À frente do Trend Union, bureau de estilo baseado em Paris, com escritórios em Tóquio e em Nova York, a pesquisadora tem clientes tão variados como Prada e Zara, Nissan e Coca-Cola.
Em suas consultorias, ela pode desde ajustar a comunicação visual de um carro japonês para o mercado europeu até dar conselhos sobre a fragrância de um novo perfume com base nos anseios de um determinado público feminino.
Aos 65 anos, boa parte deles entregues a viagens pelo mundo para mapear desejos que as pessoas ainda não sabem que terão, Li observa tudo de perto, nas ruas de Kyoto, São Paulo, Nova York ou Nova Délhi.
Por isso, quando divulgou seu Manifesto Antifashion em fevereiro, o mundo da moda parou para ouvir o que ela tinha a dizer.
Nele, ela lista dez motivos pelos quais o sistema da moda está obsoleto e decreta o seu fim como radar de transformação social.
A seguir, os principais trechos da entrevista concedida por telefone ao Estado.
Quando declarou que a moda morreu, você quis dizer que daqui por diante este será um negócio onde a criatividade não é mais o foco do produto, algo como o mercado de canetas ou de parafusos?
O que está acontecendo é que, por alguma razão, as pessoas estão focando nas roupas e nos acessórios e não estão mais interessadas em dar uma contribuição conceitual para o mundo.
Nós perdemos a ideia da moda como possibilidade de nos transportar, de nos transformar, nos educar.
A moda sempre foi um indicativo para onde o mundo estava indo, você podia ler a moda como um guia sobre a transformação da sociedade.
Isso não existe mais, não há mais discussão, há apenas vestidos tipo envelope, saias godê, todos esses itens que podem ser muito legais e bonitos.
Mas não é só disso que é feita a moda.
Sem novidade, as pessoas vão continuar comprando roupas?
Elas já não compram roupas como antes.
Não há motivo para comprar peças repetidas.

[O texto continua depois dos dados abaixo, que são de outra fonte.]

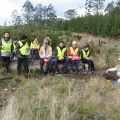 Conservation-Australia-Volunteers-working-bee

Toda a energia da moda se voltou para o marketing dos acessórios.
As marcas de luxo transformaram a roupa no acessório dos acessórios.

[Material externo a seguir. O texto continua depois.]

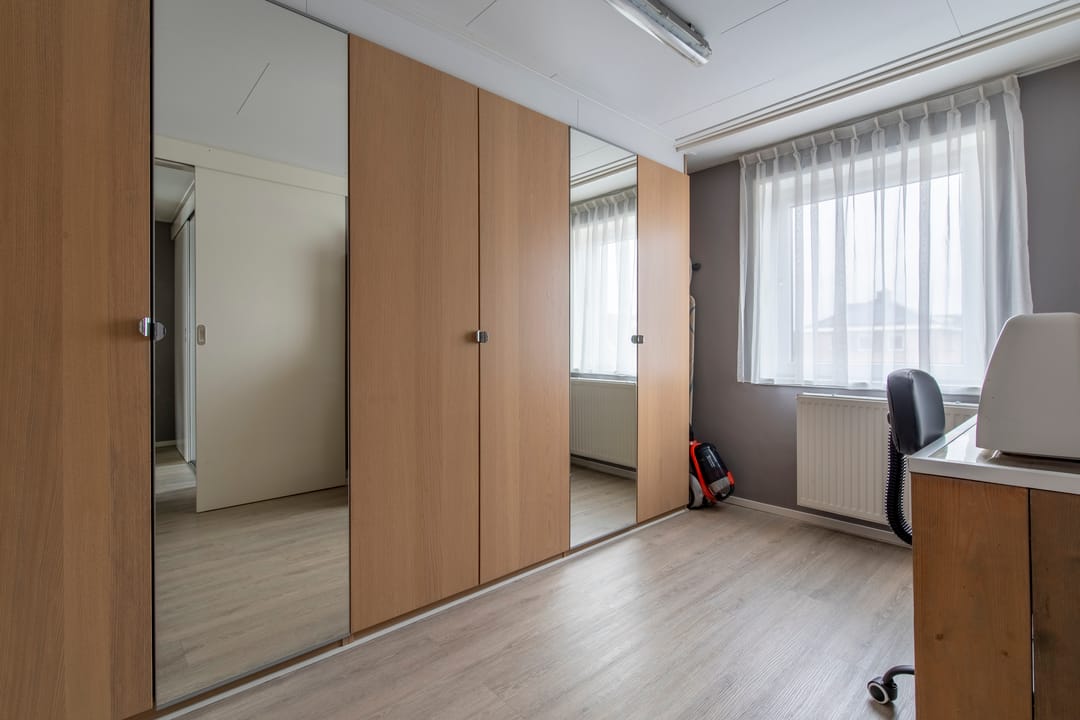 Foto 17 van Emmalaan 15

Ela não deve concorrer com as bolsas, que são muito mais lucrativas.
A indústria da moda quer ganhar dinheiro, mas criou um mecanismo que está matando ela própria.

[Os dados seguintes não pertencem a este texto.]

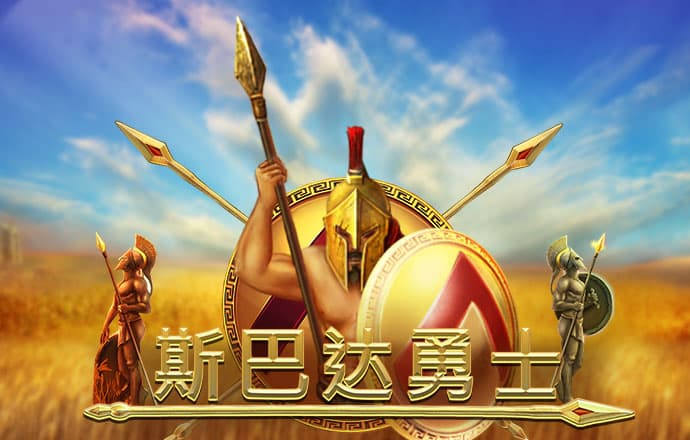 新利体育18官网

É como comer o próprio rabo.
Na última vez em que esteve no Brasil, no início de 2014, você declarou que a inovação não está mais na moda, mas no design. O que fez com que a moda perdesse essa característica?
O design está cheio de disciplina, energia jovem, tem esse frescor de uma área que está apenas começando a se desenvolver agora em alguns países como o Brasil.
Eu acredito, porém, que o Hemisfério Sul pode liderar um renascimento da moda no mundo.
Para isso ele tem de encontrar a própria identidade, vestir-se da maneira que quiser, sem se inspirar por nenhum outro país de cultura ocidental.
Espero diariamente pelo momento em que o Hemisfério Sul olhe para si mesmo e diga: Nós estamos à frente do design europeu e americano.
Não um ano e meio atrás ou seis meses antecipados.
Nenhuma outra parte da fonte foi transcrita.